Cette année, le padel féminin est présent à Monaco. Pourquoi était-ce important de les mettre elles-aussi au programme ?

C'est très bien car les femmes dans le padel ont  pour moi, une grande importance et pas seulement les professionnelles. En Espagne, sur 4  millions de joueurs, 30 % sont des femmes. C'est un très bon sport pour elles, parce qu'il est facile de commencer cette discipline. On peut prendre du plaisir à jouer sans avoir pris de leçons ou sans avoir une grande technique. De plus, c'est important car si cette discipline touche les femmes, elle touchera les familles, les enfants... C'est un sport que vous pouvez partager en famille. En tennis, elles se battent pour avoir les mêmes prize money, la même égalité. Il était important pour moi de commencer à travailler dessus. Pas seulement parce que ma fille joue mais parce que toute ma carrière, j'ai travaillé avec des joueuses, avec l'équipe féminine d'Argentine. 

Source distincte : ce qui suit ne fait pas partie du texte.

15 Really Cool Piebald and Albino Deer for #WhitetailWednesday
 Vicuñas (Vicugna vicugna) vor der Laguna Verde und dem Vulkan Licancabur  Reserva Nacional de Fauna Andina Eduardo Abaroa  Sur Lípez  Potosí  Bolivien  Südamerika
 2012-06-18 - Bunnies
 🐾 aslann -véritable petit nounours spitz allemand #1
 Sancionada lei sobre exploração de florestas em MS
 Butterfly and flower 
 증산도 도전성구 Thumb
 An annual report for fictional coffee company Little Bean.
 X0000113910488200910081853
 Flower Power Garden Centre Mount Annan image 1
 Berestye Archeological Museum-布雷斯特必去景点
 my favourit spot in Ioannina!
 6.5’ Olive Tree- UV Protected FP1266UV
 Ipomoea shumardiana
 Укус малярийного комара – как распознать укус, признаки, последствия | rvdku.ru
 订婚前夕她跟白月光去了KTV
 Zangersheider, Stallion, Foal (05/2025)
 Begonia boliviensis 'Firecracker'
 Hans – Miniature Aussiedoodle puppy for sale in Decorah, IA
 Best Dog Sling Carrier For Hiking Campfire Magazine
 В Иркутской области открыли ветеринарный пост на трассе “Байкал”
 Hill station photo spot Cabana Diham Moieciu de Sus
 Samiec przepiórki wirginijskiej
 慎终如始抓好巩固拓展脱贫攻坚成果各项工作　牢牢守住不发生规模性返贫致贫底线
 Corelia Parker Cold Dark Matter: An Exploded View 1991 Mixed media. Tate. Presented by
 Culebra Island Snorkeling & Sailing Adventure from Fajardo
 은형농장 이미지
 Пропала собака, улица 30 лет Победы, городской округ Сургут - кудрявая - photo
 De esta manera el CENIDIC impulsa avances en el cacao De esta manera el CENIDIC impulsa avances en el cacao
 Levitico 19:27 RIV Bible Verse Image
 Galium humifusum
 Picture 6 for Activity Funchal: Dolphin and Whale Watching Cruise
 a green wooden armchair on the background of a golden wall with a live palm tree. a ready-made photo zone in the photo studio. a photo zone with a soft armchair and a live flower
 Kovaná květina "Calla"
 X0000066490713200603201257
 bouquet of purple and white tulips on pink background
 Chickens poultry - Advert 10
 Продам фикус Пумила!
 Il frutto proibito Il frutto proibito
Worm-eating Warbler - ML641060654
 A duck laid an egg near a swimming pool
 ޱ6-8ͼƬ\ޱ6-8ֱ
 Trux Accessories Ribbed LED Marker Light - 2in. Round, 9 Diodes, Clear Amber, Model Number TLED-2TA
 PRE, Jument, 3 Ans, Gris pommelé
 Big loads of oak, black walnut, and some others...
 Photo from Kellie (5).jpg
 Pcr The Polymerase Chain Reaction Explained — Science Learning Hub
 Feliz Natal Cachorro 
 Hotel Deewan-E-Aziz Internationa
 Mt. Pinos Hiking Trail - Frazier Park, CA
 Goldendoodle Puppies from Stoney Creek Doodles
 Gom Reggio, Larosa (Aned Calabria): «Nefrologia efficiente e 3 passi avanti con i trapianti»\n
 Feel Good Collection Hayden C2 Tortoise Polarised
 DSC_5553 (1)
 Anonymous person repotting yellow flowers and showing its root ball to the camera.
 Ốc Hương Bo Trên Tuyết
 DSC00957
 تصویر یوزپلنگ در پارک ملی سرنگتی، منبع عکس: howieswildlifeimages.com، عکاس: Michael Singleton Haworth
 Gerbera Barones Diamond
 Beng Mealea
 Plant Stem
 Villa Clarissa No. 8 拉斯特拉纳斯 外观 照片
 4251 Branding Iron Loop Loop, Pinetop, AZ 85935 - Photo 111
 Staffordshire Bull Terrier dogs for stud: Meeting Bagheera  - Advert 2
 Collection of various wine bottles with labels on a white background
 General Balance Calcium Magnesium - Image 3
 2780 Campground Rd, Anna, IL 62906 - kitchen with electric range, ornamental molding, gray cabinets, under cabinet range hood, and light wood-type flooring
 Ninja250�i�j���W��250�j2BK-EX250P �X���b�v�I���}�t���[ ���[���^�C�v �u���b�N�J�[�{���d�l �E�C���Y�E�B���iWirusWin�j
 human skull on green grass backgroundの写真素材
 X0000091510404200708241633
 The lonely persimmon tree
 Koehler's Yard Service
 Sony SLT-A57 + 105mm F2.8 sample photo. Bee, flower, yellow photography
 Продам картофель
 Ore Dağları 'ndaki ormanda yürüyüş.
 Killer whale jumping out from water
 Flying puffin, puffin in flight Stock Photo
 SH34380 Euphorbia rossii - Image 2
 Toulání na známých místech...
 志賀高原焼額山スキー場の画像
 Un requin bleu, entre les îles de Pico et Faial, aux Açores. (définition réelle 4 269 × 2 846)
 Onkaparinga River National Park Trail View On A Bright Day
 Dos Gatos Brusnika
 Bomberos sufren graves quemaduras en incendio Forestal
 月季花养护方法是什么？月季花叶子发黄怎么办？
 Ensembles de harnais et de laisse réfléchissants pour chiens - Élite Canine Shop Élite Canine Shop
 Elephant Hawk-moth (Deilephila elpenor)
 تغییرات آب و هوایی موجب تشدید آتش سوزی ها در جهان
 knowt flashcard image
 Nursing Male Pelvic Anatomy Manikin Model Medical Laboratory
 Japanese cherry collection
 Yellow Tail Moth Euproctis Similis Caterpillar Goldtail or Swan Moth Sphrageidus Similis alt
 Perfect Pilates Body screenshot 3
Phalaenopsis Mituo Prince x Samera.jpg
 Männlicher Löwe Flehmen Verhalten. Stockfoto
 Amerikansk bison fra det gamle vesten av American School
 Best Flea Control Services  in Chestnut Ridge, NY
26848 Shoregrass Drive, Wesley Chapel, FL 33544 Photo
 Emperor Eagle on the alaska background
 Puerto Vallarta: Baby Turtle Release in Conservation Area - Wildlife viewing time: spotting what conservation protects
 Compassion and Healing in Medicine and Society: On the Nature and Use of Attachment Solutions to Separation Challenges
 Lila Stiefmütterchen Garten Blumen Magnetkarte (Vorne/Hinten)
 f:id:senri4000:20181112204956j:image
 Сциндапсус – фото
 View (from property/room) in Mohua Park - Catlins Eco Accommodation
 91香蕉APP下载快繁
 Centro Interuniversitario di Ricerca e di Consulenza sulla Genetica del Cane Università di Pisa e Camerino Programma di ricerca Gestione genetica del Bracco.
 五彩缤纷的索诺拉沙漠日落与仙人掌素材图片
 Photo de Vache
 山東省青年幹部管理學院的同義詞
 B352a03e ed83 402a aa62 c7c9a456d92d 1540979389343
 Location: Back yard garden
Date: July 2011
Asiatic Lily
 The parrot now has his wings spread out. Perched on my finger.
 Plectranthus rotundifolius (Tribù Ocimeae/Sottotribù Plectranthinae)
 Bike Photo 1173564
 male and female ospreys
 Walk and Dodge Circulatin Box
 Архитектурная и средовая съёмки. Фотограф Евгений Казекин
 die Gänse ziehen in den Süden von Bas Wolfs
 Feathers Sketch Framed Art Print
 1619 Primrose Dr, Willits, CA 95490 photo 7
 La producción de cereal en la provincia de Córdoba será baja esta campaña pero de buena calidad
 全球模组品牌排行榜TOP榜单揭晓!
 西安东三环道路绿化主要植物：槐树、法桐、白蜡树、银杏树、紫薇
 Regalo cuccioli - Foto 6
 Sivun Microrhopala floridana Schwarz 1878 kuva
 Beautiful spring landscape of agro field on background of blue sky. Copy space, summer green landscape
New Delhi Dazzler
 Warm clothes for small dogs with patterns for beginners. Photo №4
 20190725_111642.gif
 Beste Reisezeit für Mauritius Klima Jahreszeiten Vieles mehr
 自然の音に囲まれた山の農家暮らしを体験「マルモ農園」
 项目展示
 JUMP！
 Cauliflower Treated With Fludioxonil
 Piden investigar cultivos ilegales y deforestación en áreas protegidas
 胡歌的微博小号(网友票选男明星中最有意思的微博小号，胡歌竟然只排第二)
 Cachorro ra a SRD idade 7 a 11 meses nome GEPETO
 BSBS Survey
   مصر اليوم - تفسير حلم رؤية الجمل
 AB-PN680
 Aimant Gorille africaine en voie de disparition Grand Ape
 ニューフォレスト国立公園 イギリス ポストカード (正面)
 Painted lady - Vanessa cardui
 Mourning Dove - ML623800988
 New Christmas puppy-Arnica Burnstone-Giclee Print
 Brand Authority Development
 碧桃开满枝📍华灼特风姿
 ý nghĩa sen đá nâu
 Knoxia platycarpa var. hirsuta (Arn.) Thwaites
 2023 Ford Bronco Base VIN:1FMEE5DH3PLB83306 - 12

Que pensez-vous justement du padel féminin ?

Elles jouent vraiment bien. Elles se sont énormément améliorées ces dernières années parce qu'il y a de plus en plus de professionnelles, de femmes qui s’entraînent toujours plus pour s'améliorer. Leur niveau est très bon et je pense que les gens seront surpris.

Comment voyez-vous l'évolution du padel de manière générale ?

Elle est fantastique. Ces deux dernières années, dans des pays comme la France, l'Italie, la Suède, la Suisse, les Pays-Bas, la Belgique, chaque jour, un nouveau club s'ouvre. En Italie, cela s'est énormément développé l'année dernière avec plus de 20 clubs à Rome qui se sont ouverts. Je crois que la France sera dans le futur l'un des pays leaders, notamment en matière de joueurs parce qu'il a une bonne école, une bonne culture des sports de raquette. Je pense que la France pourrait être dans cinq ans un grand pays, terre de nombreux de bons joueurs.

Que manque-t-il au padel pour qu'il devienne aussi populaire que le tennis ?

Du temps ! Le padel est un sport très jeune. Il a été créé en 1969. Il est devenu professionnel, avec un grand développement dans les années 90 en Argentine, puis ensuite en Espagne. Je pense qu'on a besoin de plus de temps en Europe pour que le padel devienne de plus en plus populaire dans des pays comme la France, l'Allemagne, la Suède, la Grande-Bretagne. Je pense qu'il a seulement besoin de temps.

Que va apporter l'investissement de Monte-Carlo International Sport au Tennis Padel Soleil de Beausoleil ?

J'attends vraiment que cela nous aide à faire du Padel un nouveau sport, à Monaco et en France. Je veux créer cette école pour avoir des entraîneurs et des enfants. Je travaillerai dans le but de faire du bon travail là haut parce nous avons un grand club, un bel endroit, à 10 minutes de Monaco, avec les montagnes et la mer. Cet endroit est incroyable. Je travaille avec Gaby Recca pour monter cette école et attirer du monde. Etre ici à travailler sur le padel est très important. *L'interview a été réalisée la veille du début du tournoi.